**Required work**. Take the lines below between the one holding "Metallbettrahmen, toller Schlafkomfort" and the one holding "Used 2021 Jeep", inclusive, and copy them exactly. Add nothing.

**Available data**.
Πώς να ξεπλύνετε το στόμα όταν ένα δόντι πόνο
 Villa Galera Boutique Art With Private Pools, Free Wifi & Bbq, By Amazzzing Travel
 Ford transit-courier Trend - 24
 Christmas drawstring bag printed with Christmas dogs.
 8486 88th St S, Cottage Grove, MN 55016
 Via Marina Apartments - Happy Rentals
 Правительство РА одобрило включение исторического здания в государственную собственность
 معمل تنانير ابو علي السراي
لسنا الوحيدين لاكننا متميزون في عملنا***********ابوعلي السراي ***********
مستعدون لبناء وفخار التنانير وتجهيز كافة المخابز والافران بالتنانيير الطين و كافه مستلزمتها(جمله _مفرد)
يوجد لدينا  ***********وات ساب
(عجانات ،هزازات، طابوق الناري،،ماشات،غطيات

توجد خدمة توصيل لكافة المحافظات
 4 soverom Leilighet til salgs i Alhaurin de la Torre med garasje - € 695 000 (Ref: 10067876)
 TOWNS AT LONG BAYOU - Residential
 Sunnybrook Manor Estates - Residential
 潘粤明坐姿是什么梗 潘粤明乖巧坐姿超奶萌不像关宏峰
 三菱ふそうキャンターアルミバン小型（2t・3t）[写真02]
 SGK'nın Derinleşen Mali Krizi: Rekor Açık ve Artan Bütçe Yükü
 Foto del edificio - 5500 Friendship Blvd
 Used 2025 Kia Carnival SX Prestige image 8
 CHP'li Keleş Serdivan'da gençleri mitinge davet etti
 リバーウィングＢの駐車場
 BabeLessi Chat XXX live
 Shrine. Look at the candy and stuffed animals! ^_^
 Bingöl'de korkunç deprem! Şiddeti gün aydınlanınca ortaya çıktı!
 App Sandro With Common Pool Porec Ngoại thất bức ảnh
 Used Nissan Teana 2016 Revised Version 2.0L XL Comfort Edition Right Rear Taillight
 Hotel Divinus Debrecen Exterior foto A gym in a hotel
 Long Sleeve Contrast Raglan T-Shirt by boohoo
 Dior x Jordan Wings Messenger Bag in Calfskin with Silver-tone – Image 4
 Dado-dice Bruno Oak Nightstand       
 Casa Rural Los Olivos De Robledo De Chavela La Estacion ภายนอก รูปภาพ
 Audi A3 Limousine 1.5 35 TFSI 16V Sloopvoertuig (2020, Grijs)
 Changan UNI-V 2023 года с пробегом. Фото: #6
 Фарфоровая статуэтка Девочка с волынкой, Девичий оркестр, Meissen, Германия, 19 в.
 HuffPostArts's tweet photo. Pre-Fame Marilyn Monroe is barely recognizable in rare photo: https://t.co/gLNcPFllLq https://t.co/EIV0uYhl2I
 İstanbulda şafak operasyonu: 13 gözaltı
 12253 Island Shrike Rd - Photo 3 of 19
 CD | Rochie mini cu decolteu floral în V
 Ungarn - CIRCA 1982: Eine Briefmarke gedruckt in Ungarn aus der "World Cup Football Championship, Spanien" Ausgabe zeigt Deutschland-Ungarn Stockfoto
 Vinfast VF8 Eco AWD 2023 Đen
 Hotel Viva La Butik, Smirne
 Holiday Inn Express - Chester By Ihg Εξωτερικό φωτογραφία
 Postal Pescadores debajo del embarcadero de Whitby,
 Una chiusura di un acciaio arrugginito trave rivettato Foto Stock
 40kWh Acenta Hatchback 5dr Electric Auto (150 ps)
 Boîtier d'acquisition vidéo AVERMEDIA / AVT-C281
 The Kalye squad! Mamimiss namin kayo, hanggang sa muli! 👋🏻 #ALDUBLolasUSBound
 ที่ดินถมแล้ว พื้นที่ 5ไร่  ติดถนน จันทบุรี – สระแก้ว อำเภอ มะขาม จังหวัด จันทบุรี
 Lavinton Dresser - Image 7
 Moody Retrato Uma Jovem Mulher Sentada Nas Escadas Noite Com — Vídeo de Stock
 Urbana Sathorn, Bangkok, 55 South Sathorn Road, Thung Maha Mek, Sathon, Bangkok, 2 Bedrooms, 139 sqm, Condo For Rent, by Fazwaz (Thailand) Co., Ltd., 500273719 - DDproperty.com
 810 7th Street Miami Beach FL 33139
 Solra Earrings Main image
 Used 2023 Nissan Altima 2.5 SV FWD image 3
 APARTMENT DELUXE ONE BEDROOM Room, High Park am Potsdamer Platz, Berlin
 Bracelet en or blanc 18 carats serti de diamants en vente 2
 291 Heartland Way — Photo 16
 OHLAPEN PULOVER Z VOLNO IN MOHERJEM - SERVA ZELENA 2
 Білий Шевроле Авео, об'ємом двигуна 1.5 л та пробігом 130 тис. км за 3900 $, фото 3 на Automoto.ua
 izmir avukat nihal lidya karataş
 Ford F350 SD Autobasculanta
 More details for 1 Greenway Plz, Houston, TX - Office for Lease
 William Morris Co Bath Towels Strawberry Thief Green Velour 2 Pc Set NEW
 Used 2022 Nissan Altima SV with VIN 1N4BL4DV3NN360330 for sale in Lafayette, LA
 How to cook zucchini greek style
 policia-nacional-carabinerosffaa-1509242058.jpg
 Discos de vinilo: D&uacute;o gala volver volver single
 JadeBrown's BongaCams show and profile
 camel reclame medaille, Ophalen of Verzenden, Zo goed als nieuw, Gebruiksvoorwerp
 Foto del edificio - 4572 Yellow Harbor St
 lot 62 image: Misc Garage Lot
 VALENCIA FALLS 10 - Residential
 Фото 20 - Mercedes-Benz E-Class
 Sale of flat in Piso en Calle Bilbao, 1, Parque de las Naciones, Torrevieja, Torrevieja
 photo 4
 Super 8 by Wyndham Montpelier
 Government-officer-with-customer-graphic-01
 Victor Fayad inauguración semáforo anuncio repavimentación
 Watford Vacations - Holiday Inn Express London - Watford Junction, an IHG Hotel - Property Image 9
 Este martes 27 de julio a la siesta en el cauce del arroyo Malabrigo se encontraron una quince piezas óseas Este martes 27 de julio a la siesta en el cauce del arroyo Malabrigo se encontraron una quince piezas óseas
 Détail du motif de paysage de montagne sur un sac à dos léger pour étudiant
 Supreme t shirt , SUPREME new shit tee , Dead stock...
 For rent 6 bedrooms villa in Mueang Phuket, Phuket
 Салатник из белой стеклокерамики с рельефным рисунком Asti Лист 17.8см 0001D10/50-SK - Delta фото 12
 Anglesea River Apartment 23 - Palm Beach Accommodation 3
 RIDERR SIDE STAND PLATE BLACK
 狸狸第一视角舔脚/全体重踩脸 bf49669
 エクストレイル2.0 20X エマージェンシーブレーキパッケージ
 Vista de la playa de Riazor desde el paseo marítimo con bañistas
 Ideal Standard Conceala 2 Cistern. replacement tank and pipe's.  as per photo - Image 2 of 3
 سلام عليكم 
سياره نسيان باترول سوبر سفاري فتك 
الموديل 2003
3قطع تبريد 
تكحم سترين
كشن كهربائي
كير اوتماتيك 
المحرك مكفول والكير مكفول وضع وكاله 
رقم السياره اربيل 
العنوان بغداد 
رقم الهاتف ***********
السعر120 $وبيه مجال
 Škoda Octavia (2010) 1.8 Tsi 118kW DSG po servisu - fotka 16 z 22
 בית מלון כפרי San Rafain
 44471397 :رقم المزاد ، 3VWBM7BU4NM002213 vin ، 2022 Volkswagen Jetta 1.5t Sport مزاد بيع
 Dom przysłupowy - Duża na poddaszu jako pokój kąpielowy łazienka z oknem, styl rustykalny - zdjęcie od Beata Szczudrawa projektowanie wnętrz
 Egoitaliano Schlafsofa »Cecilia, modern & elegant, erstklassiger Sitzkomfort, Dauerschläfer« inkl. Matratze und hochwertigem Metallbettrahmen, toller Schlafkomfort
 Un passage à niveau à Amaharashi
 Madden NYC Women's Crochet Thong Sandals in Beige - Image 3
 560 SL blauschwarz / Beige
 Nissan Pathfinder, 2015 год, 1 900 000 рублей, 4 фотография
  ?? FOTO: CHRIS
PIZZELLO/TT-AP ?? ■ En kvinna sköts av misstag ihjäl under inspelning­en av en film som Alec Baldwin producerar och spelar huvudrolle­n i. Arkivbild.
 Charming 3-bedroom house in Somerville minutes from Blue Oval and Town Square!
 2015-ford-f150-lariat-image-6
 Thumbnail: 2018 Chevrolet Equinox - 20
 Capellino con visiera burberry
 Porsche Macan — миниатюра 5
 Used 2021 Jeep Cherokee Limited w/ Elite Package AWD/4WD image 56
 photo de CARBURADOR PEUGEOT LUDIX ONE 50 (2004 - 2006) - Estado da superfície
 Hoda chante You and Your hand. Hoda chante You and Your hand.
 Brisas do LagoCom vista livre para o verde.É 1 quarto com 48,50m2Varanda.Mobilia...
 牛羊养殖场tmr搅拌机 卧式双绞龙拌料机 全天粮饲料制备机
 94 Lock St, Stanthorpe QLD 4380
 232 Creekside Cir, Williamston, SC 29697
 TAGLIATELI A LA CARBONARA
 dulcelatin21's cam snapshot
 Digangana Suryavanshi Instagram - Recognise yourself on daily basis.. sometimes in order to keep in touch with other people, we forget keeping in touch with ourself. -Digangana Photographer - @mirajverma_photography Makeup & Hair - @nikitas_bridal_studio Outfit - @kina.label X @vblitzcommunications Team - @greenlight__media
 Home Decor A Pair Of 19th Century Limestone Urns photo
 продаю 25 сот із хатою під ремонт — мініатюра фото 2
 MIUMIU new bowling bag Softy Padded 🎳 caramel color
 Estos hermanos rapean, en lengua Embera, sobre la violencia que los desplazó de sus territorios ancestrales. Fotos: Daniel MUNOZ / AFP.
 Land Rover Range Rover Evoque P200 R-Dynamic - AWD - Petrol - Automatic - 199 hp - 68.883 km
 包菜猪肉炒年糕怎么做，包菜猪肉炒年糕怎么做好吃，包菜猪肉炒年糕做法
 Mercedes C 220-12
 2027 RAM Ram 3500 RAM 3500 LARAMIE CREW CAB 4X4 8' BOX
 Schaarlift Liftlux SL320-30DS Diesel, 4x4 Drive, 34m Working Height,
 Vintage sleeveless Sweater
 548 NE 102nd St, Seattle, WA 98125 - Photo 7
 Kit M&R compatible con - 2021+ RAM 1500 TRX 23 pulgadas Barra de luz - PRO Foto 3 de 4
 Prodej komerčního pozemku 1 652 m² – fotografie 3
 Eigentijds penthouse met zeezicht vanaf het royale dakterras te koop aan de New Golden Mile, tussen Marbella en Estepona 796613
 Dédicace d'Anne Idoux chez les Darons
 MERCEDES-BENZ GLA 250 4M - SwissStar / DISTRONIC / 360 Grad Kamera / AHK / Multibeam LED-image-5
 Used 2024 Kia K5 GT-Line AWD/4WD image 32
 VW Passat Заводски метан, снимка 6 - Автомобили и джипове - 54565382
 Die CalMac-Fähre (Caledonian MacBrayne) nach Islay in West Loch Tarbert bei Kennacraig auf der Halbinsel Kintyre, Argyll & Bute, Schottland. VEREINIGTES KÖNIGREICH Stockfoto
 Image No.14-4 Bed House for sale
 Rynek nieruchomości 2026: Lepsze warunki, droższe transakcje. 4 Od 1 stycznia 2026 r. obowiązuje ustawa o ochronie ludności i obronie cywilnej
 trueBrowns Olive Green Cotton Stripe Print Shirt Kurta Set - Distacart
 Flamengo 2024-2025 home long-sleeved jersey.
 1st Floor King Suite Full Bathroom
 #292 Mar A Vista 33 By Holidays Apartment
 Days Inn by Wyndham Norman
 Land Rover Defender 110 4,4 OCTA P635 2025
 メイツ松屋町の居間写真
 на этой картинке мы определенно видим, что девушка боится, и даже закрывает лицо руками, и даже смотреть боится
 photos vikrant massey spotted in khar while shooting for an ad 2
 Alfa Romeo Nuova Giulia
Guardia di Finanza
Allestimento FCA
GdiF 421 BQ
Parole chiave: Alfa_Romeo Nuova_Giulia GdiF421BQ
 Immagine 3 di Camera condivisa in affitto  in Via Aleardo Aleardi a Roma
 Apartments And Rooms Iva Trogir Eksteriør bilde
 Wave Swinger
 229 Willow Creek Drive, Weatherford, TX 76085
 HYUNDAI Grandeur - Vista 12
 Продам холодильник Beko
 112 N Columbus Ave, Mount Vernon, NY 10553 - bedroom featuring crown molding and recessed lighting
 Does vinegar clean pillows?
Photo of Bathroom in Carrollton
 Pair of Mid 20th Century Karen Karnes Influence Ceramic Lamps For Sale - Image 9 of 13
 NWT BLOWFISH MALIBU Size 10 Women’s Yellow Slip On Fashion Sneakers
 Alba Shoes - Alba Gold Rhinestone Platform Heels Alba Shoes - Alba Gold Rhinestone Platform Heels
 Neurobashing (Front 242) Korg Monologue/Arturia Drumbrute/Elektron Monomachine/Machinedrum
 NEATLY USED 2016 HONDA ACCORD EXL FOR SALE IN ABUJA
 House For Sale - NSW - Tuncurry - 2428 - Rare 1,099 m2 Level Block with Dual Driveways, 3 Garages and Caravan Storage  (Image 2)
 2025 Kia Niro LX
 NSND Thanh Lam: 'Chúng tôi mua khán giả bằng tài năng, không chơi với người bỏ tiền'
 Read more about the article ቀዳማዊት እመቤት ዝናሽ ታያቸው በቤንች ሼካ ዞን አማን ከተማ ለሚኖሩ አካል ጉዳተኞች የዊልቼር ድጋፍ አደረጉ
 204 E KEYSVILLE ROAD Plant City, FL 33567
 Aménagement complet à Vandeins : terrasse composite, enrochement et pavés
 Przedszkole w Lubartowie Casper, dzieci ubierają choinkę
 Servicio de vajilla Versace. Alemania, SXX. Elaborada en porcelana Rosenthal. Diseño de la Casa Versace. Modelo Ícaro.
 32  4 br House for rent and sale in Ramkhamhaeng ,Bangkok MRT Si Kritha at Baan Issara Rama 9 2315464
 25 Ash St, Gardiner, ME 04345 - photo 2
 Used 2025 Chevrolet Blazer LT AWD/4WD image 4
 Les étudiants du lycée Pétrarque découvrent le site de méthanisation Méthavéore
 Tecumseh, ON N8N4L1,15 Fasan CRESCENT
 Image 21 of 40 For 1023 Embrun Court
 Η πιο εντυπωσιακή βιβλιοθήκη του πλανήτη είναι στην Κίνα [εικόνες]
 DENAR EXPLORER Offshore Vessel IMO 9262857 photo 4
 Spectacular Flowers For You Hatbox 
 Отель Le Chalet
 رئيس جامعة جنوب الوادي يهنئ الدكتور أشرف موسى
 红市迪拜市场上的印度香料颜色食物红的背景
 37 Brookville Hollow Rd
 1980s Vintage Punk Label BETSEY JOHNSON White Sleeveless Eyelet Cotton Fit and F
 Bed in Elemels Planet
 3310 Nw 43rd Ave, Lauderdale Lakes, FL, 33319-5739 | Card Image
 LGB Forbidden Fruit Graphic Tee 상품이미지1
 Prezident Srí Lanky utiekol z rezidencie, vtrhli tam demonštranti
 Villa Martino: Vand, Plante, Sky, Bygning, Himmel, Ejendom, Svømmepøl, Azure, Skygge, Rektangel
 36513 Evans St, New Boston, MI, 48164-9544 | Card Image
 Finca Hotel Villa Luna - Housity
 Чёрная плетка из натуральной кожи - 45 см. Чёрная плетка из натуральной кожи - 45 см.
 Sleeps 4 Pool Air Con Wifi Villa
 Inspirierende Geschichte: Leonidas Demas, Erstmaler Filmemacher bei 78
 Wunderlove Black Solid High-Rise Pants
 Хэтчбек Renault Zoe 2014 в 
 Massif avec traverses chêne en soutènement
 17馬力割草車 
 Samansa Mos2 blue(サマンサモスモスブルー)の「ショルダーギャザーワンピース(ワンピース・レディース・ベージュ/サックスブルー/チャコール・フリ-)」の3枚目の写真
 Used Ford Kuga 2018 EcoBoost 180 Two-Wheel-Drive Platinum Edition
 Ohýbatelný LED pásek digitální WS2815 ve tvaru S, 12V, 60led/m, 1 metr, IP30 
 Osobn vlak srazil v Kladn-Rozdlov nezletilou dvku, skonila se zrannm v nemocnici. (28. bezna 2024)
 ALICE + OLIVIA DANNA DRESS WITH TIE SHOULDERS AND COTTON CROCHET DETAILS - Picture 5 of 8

**Final answer**.
 Egoitaliano Schlafsofa »Cecilia, modern & elegant, erstklassiger Sitzkomfort, Dauerschläfer« inkl. Matratze und hochwertigem Metallbettrahmen, toller Schlafkomfort
 Un passage à niveau à Amaharashi
 Madden NYC Women's Crochet Thong Sandals in Beige - Image 3
 560 SL blauschwarz / Beige
 Nissan Pathfinder, 2015 год, 1 900 000 рублей, 4 фотография
  ?? FOTO: CHRIS
PIZZELLO/TT-AP ?? ■ En kvinna sköts av misstag ihjäl under inspelning­en av en film som Alec Baldwin producerar och spelar huvudrolle­n i. Arkivbild.
 Charming 3-bedroom house in Somerville minutes from Blue Oval and Town Square!
 2015-ford-f150-lariat-image-6
 Thumbnail: 2018 Chevrolet Equinox - 20
 Capellino con visiera burberry
 Porsche Macan — миниатюра 5
 Used 2021 Jeep Cherokee Limited w/ Elite Package AWD/4WD image 56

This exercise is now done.